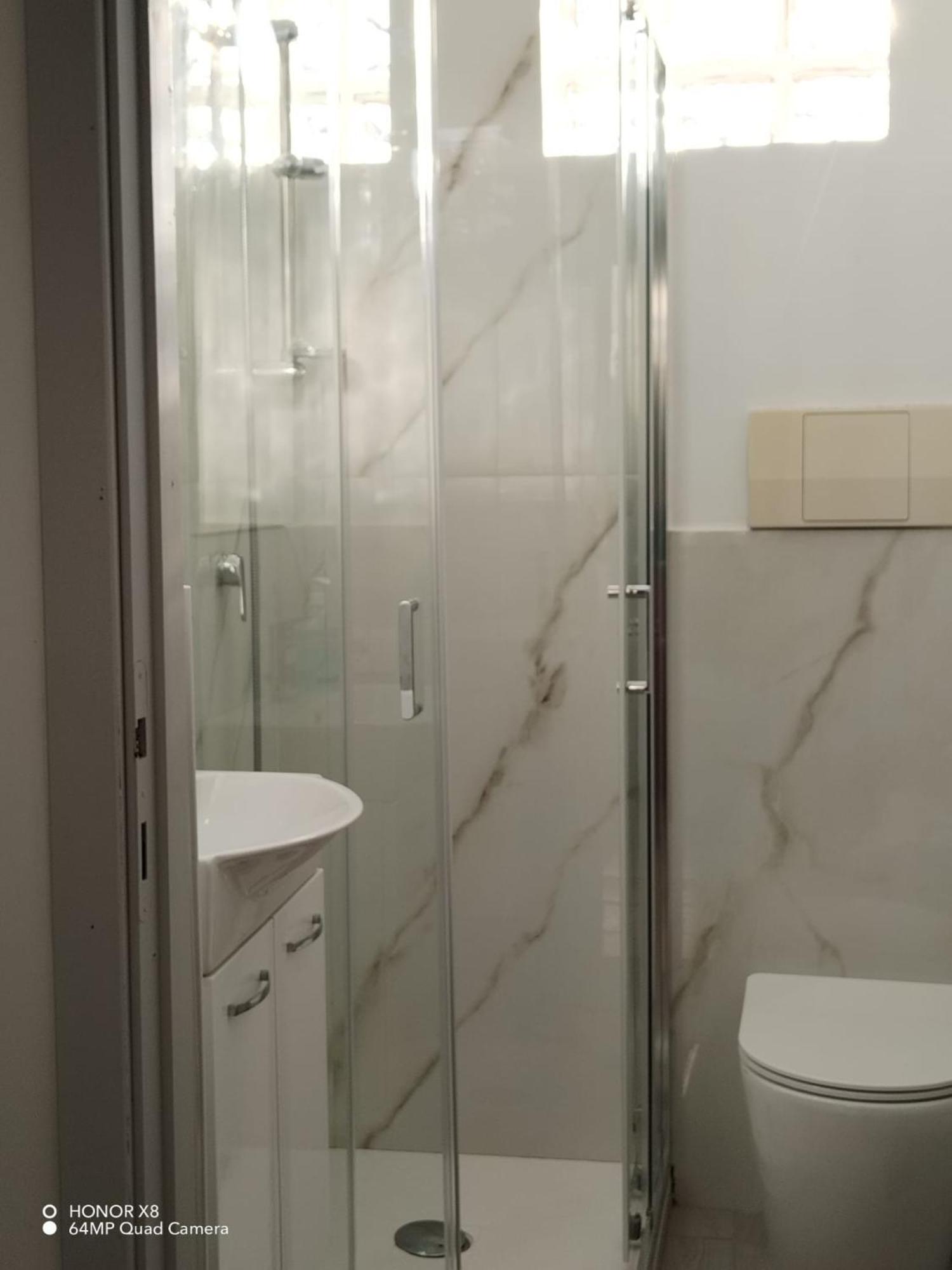 B&B Civitavecchia La Casetta Con Giardino Екстериор снимка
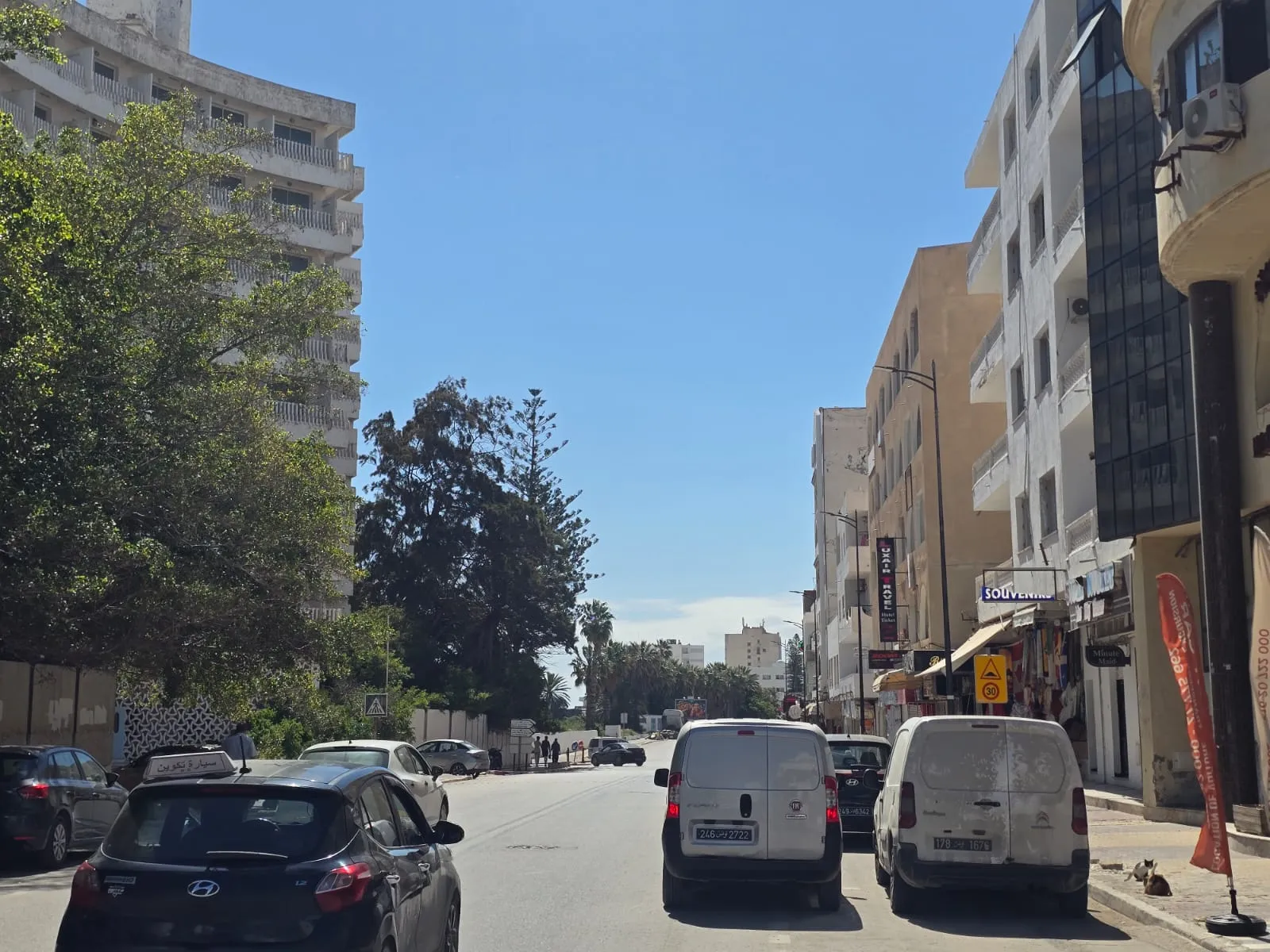 Terrain R+4 en plein zones touristiques Sousse Riadh palm corniche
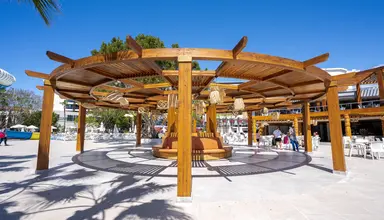 Mira Meridia Beach Resort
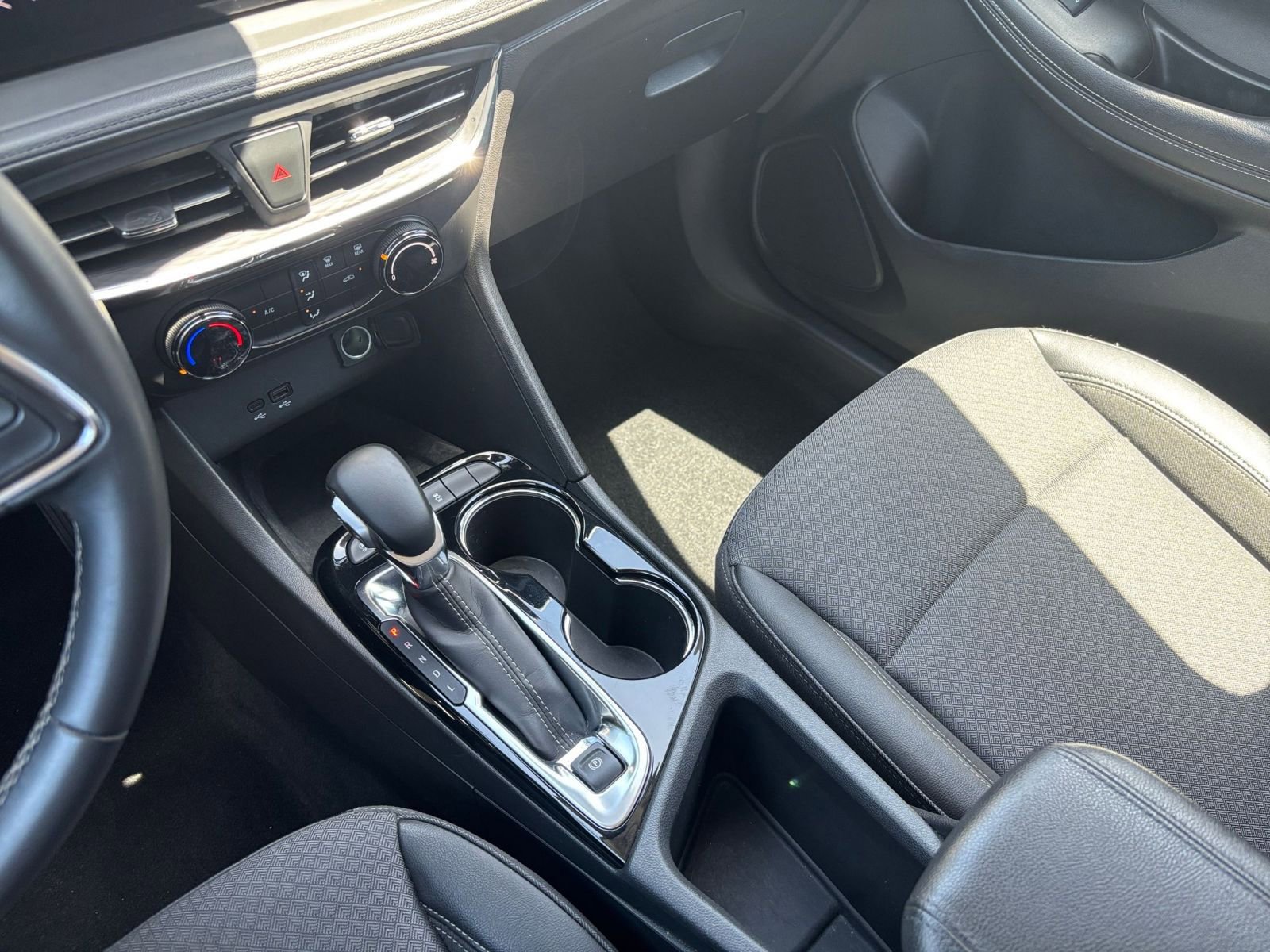 Used 2025 Buick Encore GX Preferred FWD image 40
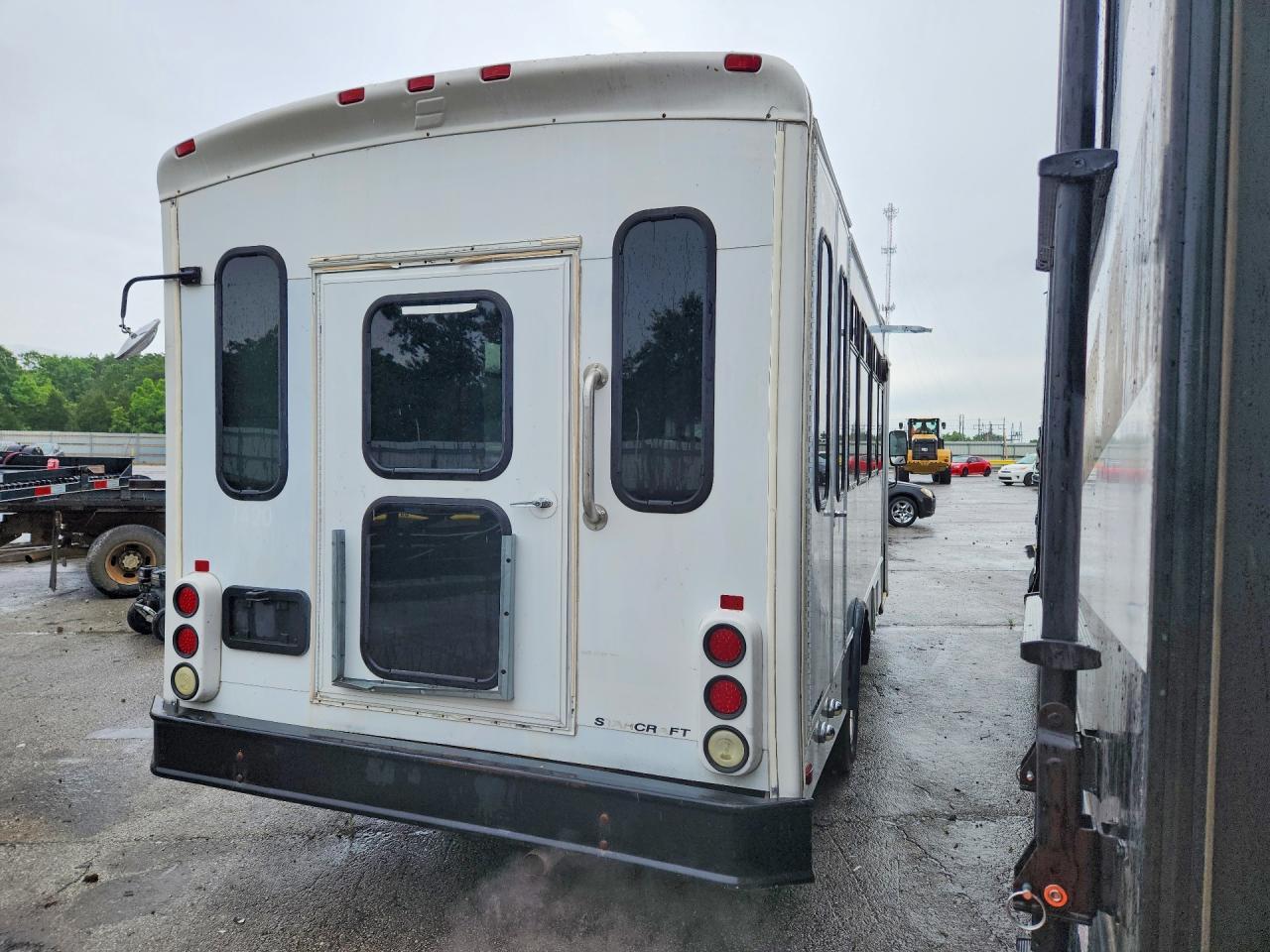 2006 FORD ECONOLINE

################

_EXERCISE DETAILS:_
Could you retype the records above exactly, omitting the pictures?

_ANSWER AREA:_
 B&B Civitavecchia La Casetta Con Giardino Екстериор снимка
 Terrain R+4 en plein zones touristiques Sousse Riadh palm corniche
 Mira Meridia Beach Resort
 Used 2025 Buick Encore GX Preferred FWD image 40
 2006 FORD ECONOLINE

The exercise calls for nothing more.